Irishness personified, what pleasure he gave a lot of us, both in his isle of origin and in his adopted continent. And all of his pleasure was fraught with cultivation and philosophy, religious and otherwise. His native and natural, if not effortless, Catholicism counted for him always, though infrequently serving as subject matter. And there was balm in it, there was fondness, even for his infidel friends and for his pupils, whether teen-agers at school or great ladies in their salons, and for his perceptive readers.
In 1943 (I think) we were vacationing at the Woods Hole house of Mrs. W. Murray Crane, his most helpful and helped friend; Somerset Maugham was there with us. We had been walking around Penzance Point in a chilly fog, and drew close to the tea-tray, Maugham listening to our hostess; Padraic and I with our backs to the fire. The theme of individual immortality happened to come up between Padraic and me, and whereas he stated his belief as though it were the plainest part of the catechism, I expressed myself in several of my fluent sentences. Not simply an infidel, but a Protestant one, and an American one, I was (and am) willing to believe anything at all in the pantheistic way. "A stone in the road underfoot can be said to have been immortal for a million years, can it not?"

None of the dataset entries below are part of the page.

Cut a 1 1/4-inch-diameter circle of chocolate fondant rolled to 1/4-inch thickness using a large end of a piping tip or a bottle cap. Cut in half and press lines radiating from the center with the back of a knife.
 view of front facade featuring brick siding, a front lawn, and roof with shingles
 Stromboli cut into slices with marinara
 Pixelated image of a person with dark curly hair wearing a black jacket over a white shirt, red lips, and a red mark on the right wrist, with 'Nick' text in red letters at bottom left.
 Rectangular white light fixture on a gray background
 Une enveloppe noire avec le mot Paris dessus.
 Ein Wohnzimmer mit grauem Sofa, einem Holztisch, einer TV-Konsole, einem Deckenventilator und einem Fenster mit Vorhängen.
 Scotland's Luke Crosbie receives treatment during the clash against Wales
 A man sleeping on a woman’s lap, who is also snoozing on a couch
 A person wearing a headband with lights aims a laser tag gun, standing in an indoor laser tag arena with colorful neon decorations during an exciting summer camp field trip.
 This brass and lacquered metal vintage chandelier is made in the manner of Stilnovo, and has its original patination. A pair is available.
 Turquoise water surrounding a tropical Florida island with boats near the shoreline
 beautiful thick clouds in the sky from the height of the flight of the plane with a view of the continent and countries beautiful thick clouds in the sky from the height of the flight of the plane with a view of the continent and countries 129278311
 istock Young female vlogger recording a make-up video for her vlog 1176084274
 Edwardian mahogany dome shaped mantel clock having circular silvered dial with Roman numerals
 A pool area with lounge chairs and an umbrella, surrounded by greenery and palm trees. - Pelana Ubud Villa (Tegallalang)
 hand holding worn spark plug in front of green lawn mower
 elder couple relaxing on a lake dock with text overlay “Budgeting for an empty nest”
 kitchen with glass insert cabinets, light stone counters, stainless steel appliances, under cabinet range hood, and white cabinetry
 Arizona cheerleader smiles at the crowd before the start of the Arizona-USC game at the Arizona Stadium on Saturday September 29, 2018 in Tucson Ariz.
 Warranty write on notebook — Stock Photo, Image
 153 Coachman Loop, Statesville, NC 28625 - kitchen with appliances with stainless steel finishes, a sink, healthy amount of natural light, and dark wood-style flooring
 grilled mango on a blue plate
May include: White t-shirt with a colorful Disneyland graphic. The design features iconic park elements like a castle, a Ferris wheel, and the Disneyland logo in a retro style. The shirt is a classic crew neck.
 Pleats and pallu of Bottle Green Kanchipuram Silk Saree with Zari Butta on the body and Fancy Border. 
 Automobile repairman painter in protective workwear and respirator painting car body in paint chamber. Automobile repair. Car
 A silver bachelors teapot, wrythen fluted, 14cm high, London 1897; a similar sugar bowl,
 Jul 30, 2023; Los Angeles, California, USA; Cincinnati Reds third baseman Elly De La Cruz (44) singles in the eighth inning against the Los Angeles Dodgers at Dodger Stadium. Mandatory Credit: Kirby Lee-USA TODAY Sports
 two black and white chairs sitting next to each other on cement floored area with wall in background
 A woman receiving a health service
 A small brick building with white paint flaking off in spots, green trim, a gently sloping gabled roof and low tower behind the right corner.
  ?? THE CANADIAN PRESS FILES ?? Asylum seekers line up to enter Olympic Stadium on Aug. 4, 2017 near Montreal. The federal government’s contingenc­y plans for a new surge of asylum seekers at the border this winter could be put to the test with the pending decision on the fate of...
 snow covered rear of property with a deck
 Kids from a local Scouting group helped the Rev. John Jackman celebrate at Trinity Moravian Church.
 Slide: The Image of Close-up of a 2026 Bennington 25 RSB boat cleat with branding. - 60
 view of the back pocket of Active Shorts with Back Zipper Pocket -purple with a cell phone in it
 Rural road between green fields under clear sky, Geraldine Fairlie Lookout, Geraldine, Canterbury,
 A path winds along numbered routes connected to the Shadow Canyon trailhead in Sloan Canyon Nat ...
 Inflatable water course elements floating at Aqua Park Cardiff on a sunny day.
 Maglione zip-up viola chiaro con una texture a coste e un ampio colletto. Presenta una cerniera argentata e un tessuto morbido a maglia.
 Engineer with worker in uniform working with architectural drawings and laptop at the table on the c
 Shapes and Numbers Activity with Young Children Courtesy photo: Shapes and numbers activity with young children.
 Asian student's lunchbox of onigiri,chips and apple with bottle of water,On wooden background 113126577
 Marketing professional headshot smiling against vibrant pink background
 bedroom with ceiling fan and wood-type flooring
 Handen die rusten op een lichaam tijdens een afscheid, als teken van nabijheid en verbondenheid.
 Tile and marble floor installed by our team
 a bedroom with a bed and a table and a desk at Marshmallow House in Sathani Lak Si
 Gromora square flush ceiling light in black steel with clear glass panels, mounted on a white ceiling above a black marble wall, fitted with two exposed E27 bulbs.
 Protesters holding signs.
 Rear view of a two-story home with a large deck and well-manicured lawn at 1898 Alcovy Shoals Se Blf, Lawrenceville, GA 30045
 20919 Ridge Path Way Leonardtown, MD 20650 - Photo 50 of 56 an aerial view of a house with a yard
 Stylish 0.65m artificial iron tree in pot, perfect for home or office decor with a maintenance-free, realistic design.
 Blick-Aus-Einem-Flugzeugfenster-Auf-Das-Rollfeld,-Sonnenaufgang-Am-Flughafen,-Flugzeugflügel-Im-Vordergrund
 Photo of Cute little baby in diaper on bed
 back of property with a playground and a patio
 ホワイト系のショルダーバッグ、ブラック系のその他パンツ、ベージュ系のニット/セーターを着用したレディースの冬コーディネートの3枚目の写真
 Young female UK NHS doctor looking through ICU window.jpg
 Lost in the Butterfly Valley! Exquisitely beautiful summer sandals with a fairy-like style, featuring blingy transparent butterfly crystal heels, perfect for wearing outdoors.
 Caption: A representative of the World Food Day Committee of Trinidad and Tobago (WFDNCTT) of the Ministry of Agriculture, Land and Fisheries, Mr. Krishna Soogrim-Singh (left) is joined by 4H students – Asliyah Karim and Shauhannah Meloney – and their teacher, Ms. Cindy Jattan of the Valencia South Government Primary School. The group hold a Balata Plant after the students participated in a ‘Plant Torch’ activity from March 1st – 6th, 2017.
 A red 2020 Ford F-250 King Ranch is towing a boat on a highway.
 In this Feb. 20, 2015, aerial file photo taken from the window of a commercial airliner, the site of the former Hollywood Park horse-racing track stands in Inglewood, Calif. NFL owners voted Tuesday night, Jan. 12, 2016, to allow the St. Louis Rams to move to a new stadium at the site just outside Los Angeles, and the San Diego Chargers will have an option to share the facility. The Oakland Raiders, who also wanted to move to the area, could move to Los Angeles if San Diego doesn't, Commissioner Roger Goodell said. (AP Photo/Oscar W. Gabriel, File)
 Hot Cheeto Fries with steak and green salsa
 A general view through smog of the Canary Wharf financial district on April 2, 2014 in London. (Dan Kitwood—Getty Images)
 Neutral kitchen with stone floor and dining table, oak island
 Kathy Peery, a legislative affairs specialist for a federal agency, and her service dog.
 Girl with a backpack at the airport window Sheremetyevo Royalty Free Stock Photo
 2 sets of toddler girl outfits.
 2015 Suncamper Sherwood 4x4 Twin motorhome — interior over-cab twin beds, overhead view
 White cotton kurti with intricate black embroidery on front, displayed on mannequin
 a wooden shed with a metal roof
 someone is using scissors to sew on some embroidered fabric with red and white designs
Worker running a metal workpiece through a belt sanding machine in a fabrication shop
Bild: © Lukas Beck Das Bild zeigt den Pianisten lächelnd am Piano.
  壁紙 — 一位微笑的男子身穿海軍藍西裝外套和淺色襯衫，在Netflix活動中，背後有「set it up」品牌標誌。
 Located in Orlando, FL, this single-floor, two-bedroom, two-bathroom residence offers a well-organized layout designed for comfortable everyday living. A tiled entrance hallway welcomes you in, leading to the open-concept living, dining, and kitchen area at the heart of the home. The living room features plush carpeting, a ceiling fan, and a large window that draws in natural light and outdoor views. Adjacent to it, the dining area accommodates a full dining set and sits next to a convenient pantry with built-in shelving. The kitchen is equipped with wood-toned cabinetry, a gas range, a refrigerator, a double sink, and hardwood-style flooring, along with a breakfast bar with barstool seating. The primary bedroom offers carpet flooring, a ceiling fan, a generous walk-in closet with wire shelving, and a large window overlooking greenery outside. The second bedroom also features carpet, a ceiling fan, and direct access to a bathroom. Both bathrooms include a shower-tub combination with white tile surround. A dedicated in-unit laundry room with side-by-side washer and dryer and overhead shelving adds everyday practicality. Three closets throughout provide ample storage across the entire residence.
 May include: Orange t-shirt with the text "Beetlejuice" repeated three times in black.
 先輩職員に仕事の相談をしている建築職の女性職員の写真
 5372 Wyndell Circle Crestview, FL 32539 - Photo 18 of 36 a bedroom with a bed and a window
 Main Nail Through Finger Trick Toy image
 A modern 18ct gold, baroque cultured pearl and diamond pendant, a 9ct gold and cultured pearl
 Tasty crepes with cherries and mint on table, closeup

I expected Padraic to laugh at me in his gentle way, but then Maugham stood up, exasperated. "Do you two really believe what you are saying?" he cried out, with his almost snarling stammer. "I believe that after one's death one is as dead as a dog."
I have never forgotten the excitement in Padraic's face at that moment, surprise and respectfulness of course, but with a veritable passion of disagreement, and prevailing even over that, compassion. He instantly changed the subject for the famous fiction-writer's sake, and cared no more for me all the rest of that evening. Indeed, despite my irreligion, and philosophy like a lot of fairy tales, I was one of those sheep which safely lie in the shadow of the fold. Maugham, on the other hand, was solitary, astray in his black grief, his unwilling heterodoxy, needing help. Padraic understood things like that.
He prided himself on having known the old rural Ireland where books were rare, and lamps rarer still, and the firelight never flaming enough to read by, where this vacuum of the mind was filled by itinerant reciters of ancient Gaelic epics, by tellers of tales, and by ballad singers, as at the start of civilization. Padraic had committed to memory a greater quantity of poems of all sorts than anyone I have ever encountered.
One evening Maugham invited the Colums and me with two or three other friends to dine in his hotel apartment in New York—entrancing sociability. The author of Of Human Bondage had been rereading Les Fleurs du Mal, and having gone to school in Paris as a boy, boasted a little of his French accent and elocution. We insisted on his reading to us six or eight of the more famous poems; and Padraic requested some that had been translated by Swinburne and other virtuosi of the nineties (I forget which), and dredged up those versions from his great memory, pausing now and then to correct a word and repeating that line as it should be. His wife Mary, whom he called Mollie, better educated than he or me or Maugham—therefore not to be outdone—asked for some that never had been put in English and, taking the book from Maugham, gave us good prose versions of them at sight. Maugham concluded with Baudelaire's daydream of a life alongside a young giantess, clambering up the steep slope of her immense knees, nonchalantly napping in the shadow of her mountainous breasts. Interrupting himself, the often melancholy Englishman called it the foolishest poem ever written, and laughed so that he had to begin all over again. "Give it to me," said austere Mollie; then blushed so that she couldn't translate.
My anecdotes of Padraic are thin, I must admit, despite long years of friendship and a better than average memory. I hope that someone is at work on a biography; it had better not be one of us, but a practitioner or perhaps two practitioners of the new journalism, schematically setting out to probe the mysteries, paying microscopic attention to the texts, thirty or forty titles, reading between the lines, including hypotheses and legendry.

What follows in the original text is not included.